I don’t know anyone who believes that “all students” are bent on violence, intimidation and attempted manslaughter. I’m not sure I’d care to meet anyone who does, assuming they exist. And I think it’s pretty obvious that your piece is more than mere reporting. Hence the ribbing.
Well no, it’s not a news piece of course. Just ‘scenes I found interesting’.
Anyway, thanks again for heightening the tone. Merry Christmas!
Likewise.
The two student protests near where I live just left tons of litter for someone else to clean up. Kind of symbolic. The university ‘occupation’ backfired too. What’s the message they’re sending? “Fuck everyone else, this is MINE. I’ll just TAKE it”.
“Kind of symbolic.”
What’s interesting to me is the number of protestors and ‘activists’ who aren’t quite grasping what it is their actions are conveying beyond their immediate circle. To date, the more vehement (or “subversive”) those actions have been, the less they seem to have achieved the intended effect. (Unless one counts the threat of violence and mass disruption as acceptable leverage in such disputes.) I suppose it mirrors the idiot Marxists who dominated one local protest and who believed that waving symbols of Soviet totalitarianism and mass murder was a way to signal the worthiness of their cause and their personal righteousness.
Strange, really.
What’s interesting to me is the number of protestors and ‘activists’ who aren’t quite grasping what it is their actions are conveying beyond their immediate circle.
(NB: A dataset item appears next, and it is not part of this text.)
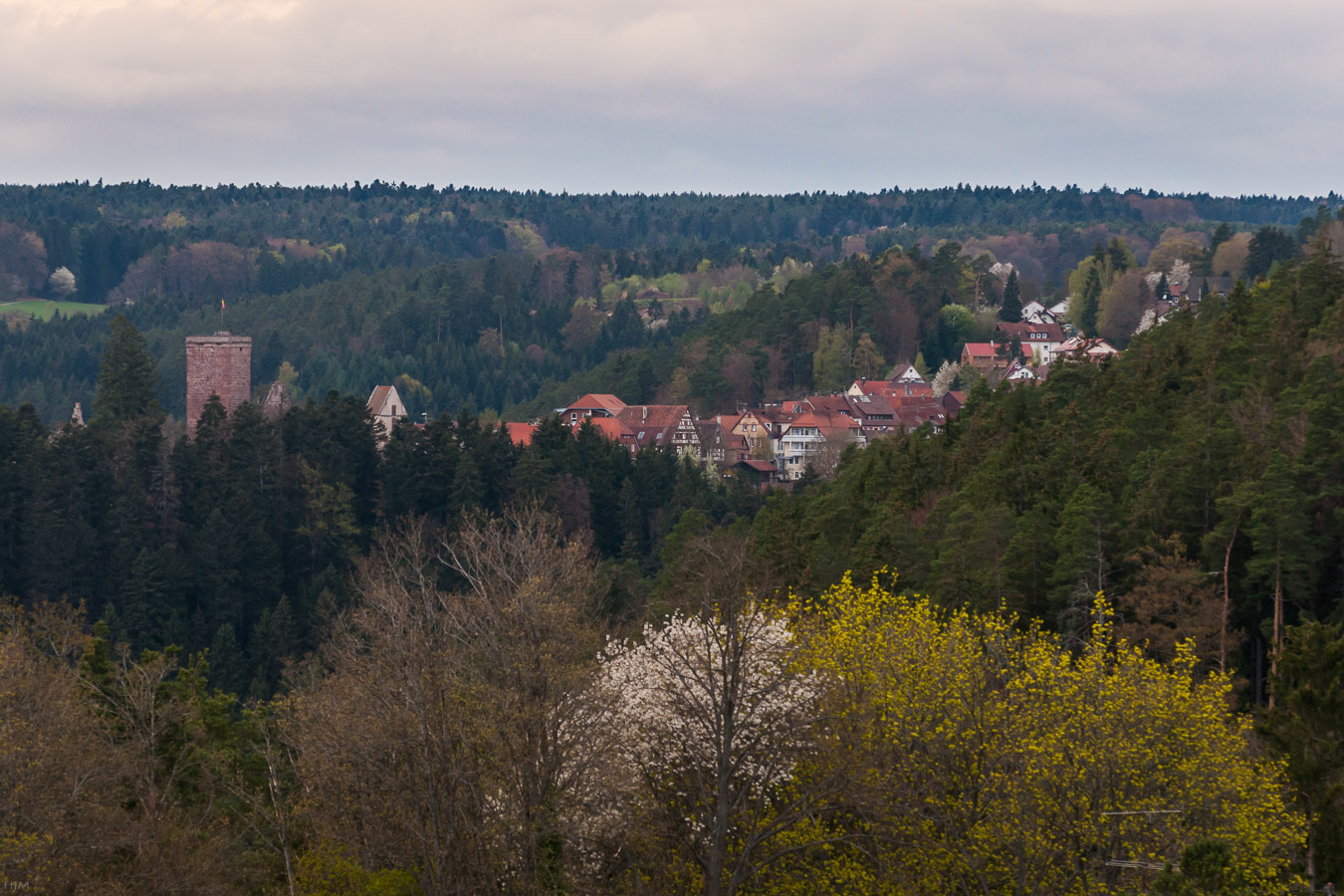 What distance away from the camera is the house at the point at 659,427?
125m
The history of the 1970s in a nutshell. Militancy, campus radicalism and industrial disruption on an unprecedented scale. In 1979 Mrs Thatcher was delivered to power.
Go figure, students.
David,
Harry’s Place jumps the shark. “Laurie Penny: Voice for a Generation”
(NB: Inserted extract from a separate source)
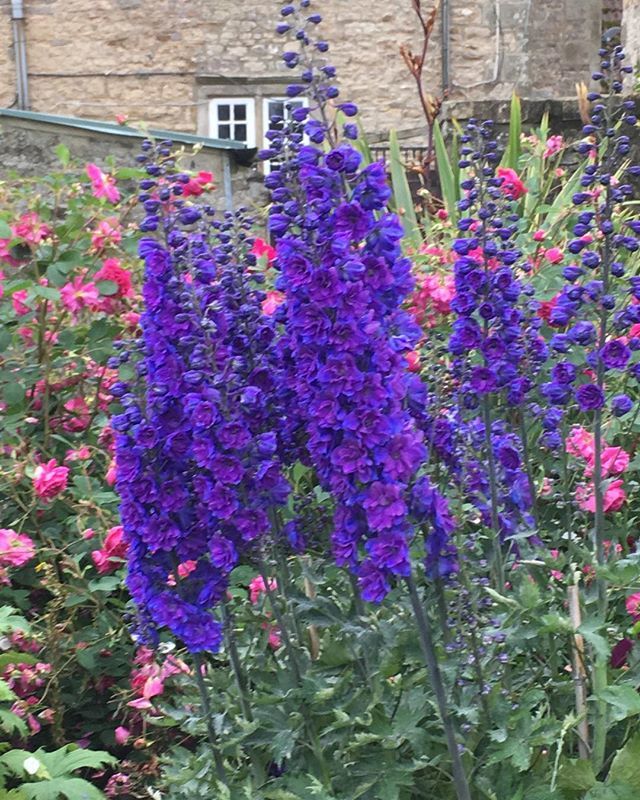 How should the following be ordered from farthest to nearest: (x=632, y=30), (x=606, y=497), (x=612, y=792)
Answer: (x=632, y=30) < (x=606, y=497) < (x=612, y=792)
http://hurryupharry.org/2010/12/21/laurie-penny-voice-for-a-generation/
“Laurie Penny: Voice for a Generation.”
Oh wow. I glanced at it earlier and assumed it was a spoof. Apparently not.
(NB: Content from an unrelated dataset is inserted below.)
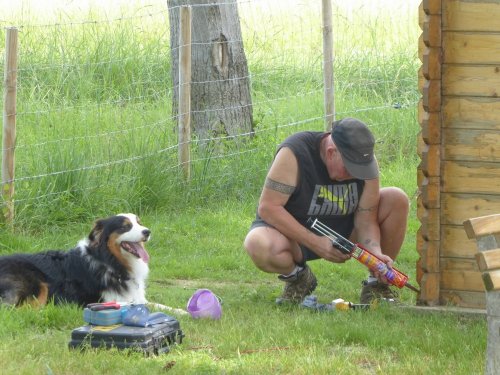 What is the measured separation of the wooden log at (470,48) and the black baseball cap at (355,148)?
2.16ft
I suppose this takes us back to the alleged “misrepresentation.” I can certainly understand students who don’t wish their feelings to be associated with the violence and thuggery enacted in their name. But the images of violence aren’t the only problem. The protestors’ more prominent spokespeople include Aaron Porter, Simon Hardy and Clare Solomon, none of whom are exactly credible or persuasive figures, not least because of their wilful unrealism and repeated dishonesty. Nor are David Graeber and Priyamvada Gopal, both lecturers, and both reliably absurd. How credible are the Goldsmiths lecturers who described government buildings as “legitimate targets,” who defended arson and vandalism, and who redefined “violence” so as to exclude punching, kicking and attempted murder? What about Terry Eagleton, an embittered Marxist who described suicide bombers – who murder and dismember people arbitrarily – as “tragic heroes” and akin to avant garde theatre?
Now Michael Ezra asks, “Who is there to speak up on behalf of the students?” Bizarrely, he suggests Laurie Penny, a narcissist confabulator who equated a modest cap on housing benefit with the Nazis’ Final Solution.
Incidentally, I understand that Nelson Mandela’s statue was amongst those vandalised during the ‘protests’.